Il était également question d’examiner « les modalités de retrait des contingents marocains engagés dans les opérations de maintien de la paix », annonçait un communiqué du ministère des Affaires étrangères, avant que Salaheddine Mezouar ne revienne sur cette décision dans une déclaration à l’agence Reuters.
Le royaume est néanmoins déterminé à annuler « sa contribution volontaire au fonctionnement de la Minurso »
Lors d’une réunion exceptionnelle du Conseil de sécurité, le 17 mars, le diplomate Ismael Gaspar Martins, président en exercice, a affirmé que les membres du Conseil, « gravement préoccupés » par la situation, allaient dialoguer individuellement avec le Maroc pour tenter de « stabiliser la situation » et de « la faire évoluer positivement ». Le Conseil n’a pas exprimé de soutien public au secrétaire général de l’ONU, ni enjoint à Rabat de revenir sur sa décision de couper les vivres à la Minurso.
Le royaume est néanmoins déterminé à annuler « sa contribution volontaire au fonctionnement de la Minurso ». Ce qui constitue un retour sur les engagements figurant dans la résolution du Conseil de sécurité adoptée le 28 avril 2015. « L’appellation même de Minurso est dépassée, explique un connaisseur. Elle évoque l’organisation d’un référendum, une option caduque selon le Conseil de sécurité, qui, depuis plus d’une décennie, s’est résolu à favoriser une solution politique. » Le renouvellement annuel du mandat de la Minurso, lors d’un vote au Conseil de sécurité, s’est transformé depuis quelque temps en épreuve pour la diplomatie marocaine. À chaque rendez-vous, le Polisario demande à ce que la mission élargisse ses compétences à la surveillance des droits de l’homme, pour tenter d’affaiblir la position du royaume.
Que va-t-il se passer au Conseil de sécurité ?
Cette année encore, le Maroc devra s’employer à contrer ces manœuvres. D’autant que le rapport du secrétaire général, qui doit faire l’objet d’un vote fin avril, risque fort d’être critique. L’attribution à la Minurso d’une mission de suivi des droits de l’homme pourrait refaire son apparition dans le projet de résolution. Les membres du Western Sahara Caucus, favorables aux thèses du Polisario, ont annoncé qu’une audition portant sur ce sujet serait organisée au Congrès des États-Unis le 23 mars. Une menace à relativiser, le Maroc étant toujours parvenu à mobiliser les grandes puissances pour écarter une telle hypothèse.
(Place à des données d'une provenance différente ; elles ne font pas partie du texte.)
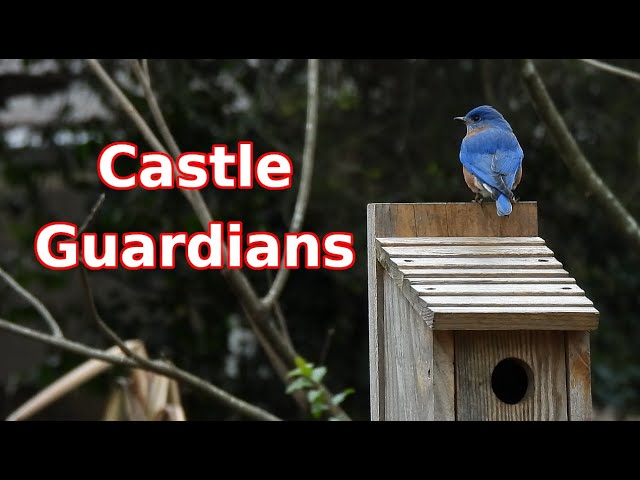 Video thumbnail for Castle Guardians
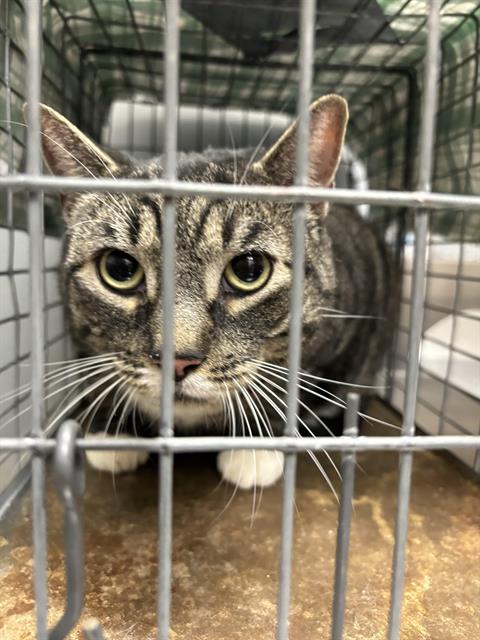 picture of the cat needing adoption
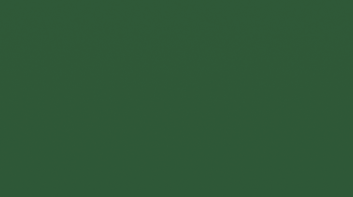 Lawn Green Gloss - MK038A.png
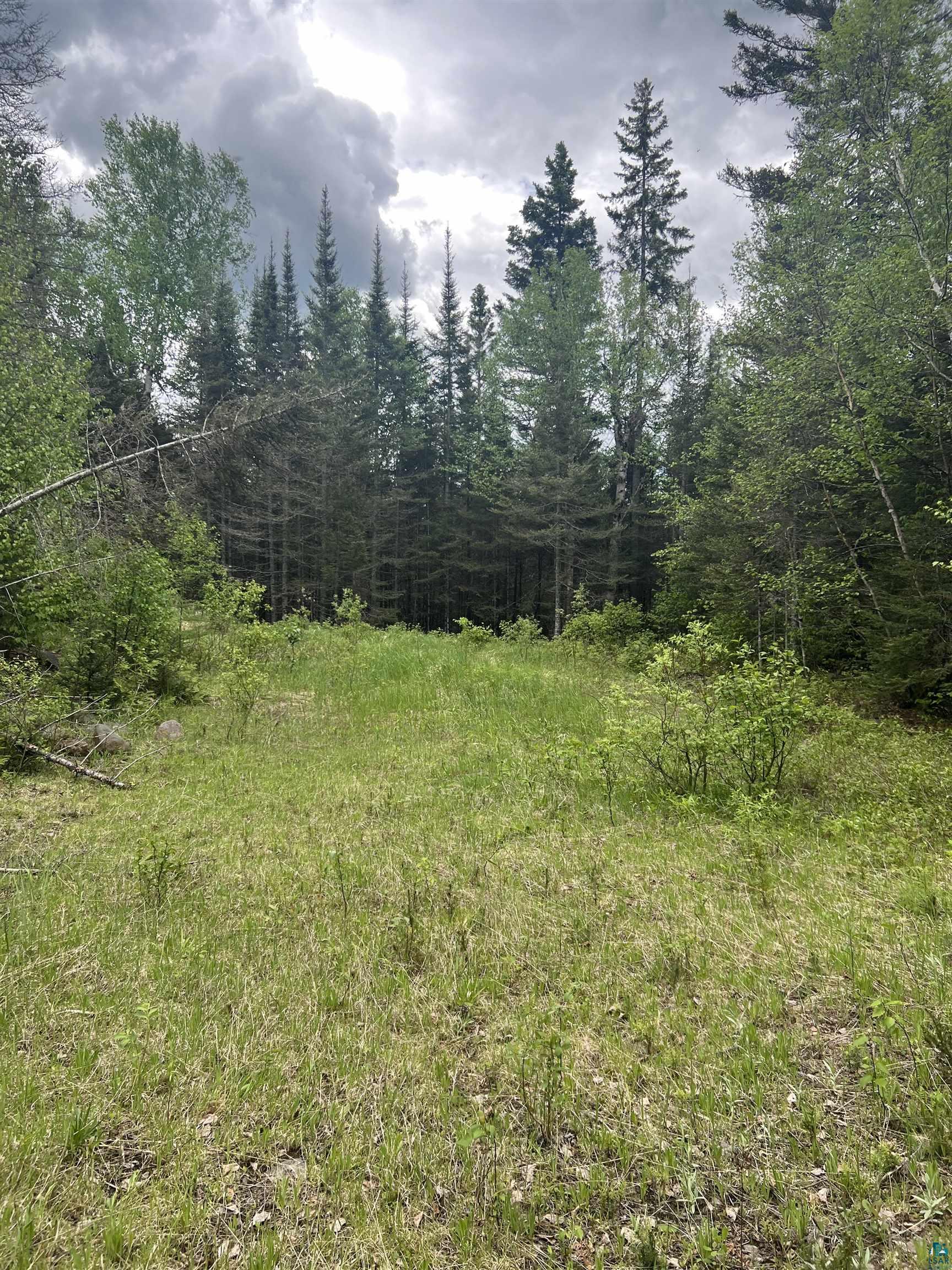 XXX Camp 26 Rd, Finland, MN 55614 Listing Photo  3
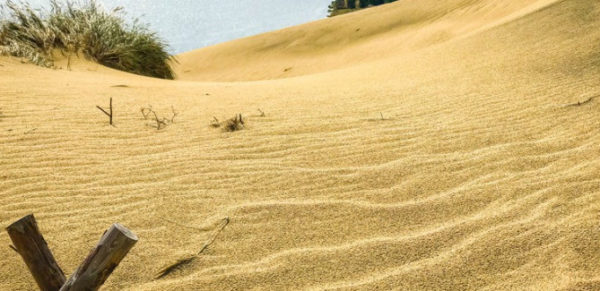 О чем поют пески янтарных дюн: история Куршской косы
Il semble pouvoir compter désormais sur un nouvel allié, membre permanent du Conseil de sécurité. Car, pendant que la crise avec l’ONU prenait de l’ampleur, Mohammed VI signait avec le président Poutine, à Moscou, une « déclaration sur un partenariat stratégique approfondi ». Il y est stipulé que « la Russie et le Maroc ne soutiennent aucune tentative d’accélérer la poursuite du processus politique, ni aucun abandon des paramètres définis dans les résolutions actuelles du Conseil de sécurité ».
Comprenez : Poutine ne cautionne pas la pression que Ban Ki-moon exerce sur le Maroc, à quelques mois de la fin de son mandat de secrétaire général. En 2007, Moscou avait été sensible aux arguments de l’Algérie pour exclure du projet de résolution un passage qualifiant la proposition marocaine d’autonomie de « base réaliste des négociations ». Les temps changent, les positions aussi… D’ici à la fin avril, les sables mouvants du Sahara pourraient réserver bien des surprises.